Unregistrable unitary matter that creates a grammatically or otherwise unitary expression must be disclaimed as a whole. The key to determining unitariness is whether various parts of a mark are so integrated or merged together that they cannot be regarded as separable; they are read together as a single unit. Parts of a mark are unitary if those parts create a single commercial impression or have a distinct commercial impression independent of the separate parts. For example, you could be required to provide a disclaimer of an entire unregistrable unitary phrase instead of the individual words that create the phrase (for example, the mark PETE'S PIZZA PARLOR for a pizza restaurant in which the unitary phrase PIZZA PARLOR must be disclaimed as a unit rather than the words PIZZA and PARLOR separately).

For more information about how to disclaim misspelled, compound, foreign, or unitary wording and matter, see TMEP §§1213.05 et seq., 1213.08(c)-(d), 1215.07.

How do I submit a disclaimer?

You should respond to a disclaimer requirement in a nonfinal Office action by using the Trademark Electronic Application System (TEAS) Response to Office Action form, which includes any required statement and supporting declaration language referenced in the Office action.

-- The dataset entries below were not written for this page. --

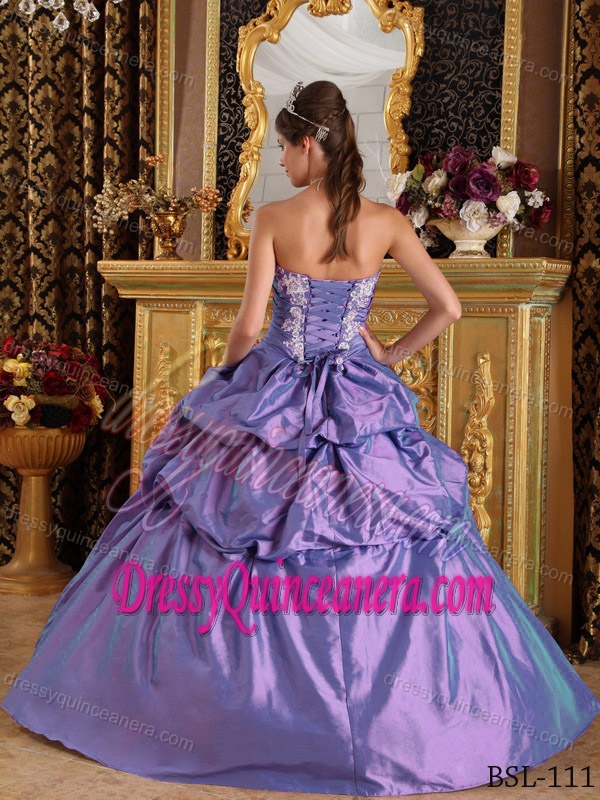 Pretty Purple Strapless Taffeta Quinceanera Dress with Appliques and Ruching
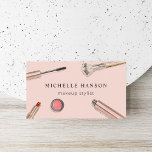 Illustrated Cosmetics Makeup Stylist Blush Business Card<br><div class="desc">Custom illustrations by Becky Nimoy on custom colour. Customise colours and details for your profession.</div>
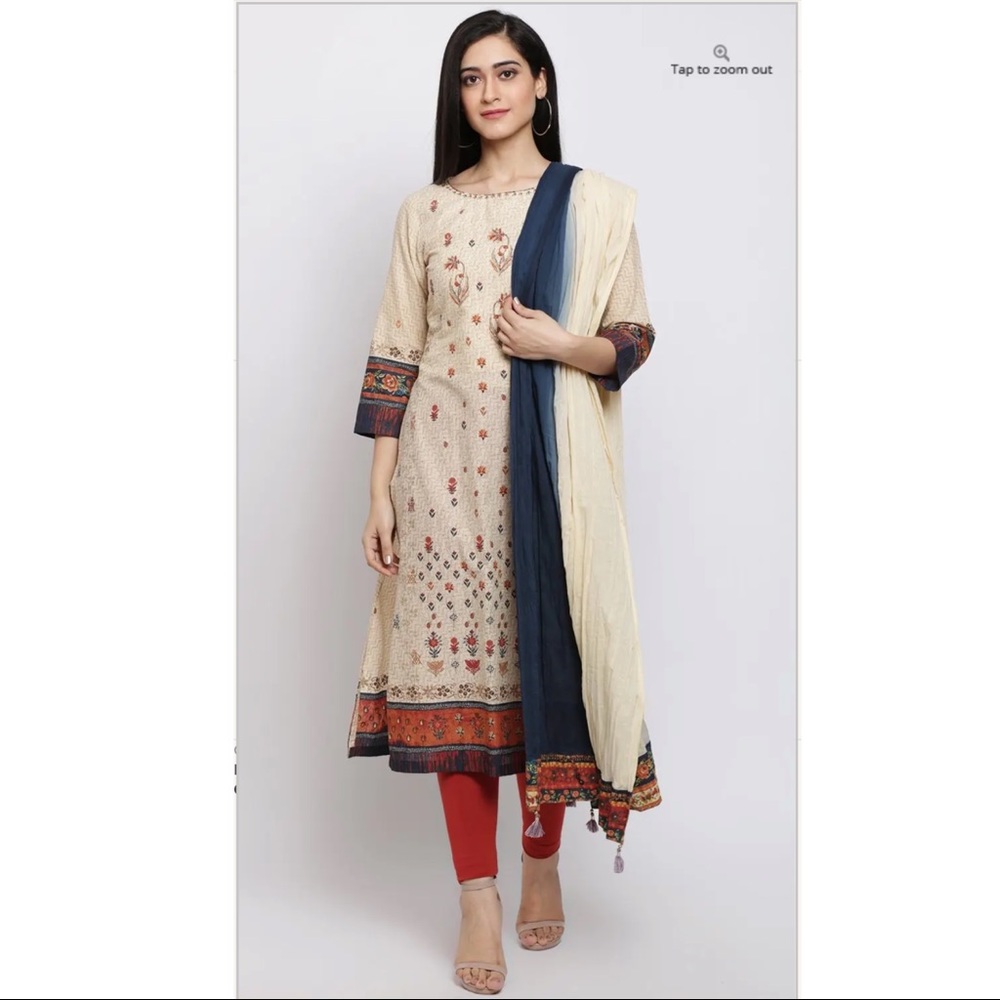 Cream Cotton Straight Kurta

You should respond to a disclaimer requirement in a final Office action by using the TEAS Request for Reconsideration after Final Action form.

TEAS online form instructions: Answer "Yes" to form wizard question #3. In the "Additional Statements" section, type the wording or design description to be disclaimed in the text entry box for a disclaimer. To satisfy the trademark examining attorney's disclaimer requirement, the entry in this box should match precisely what was specified in the Office action. Do not enter the wording or design description in the standardized format referenced above because the additional text in that disclaimer statement is already included in the TEAS form. For technical assistance, contact TEAS@uspto.gov.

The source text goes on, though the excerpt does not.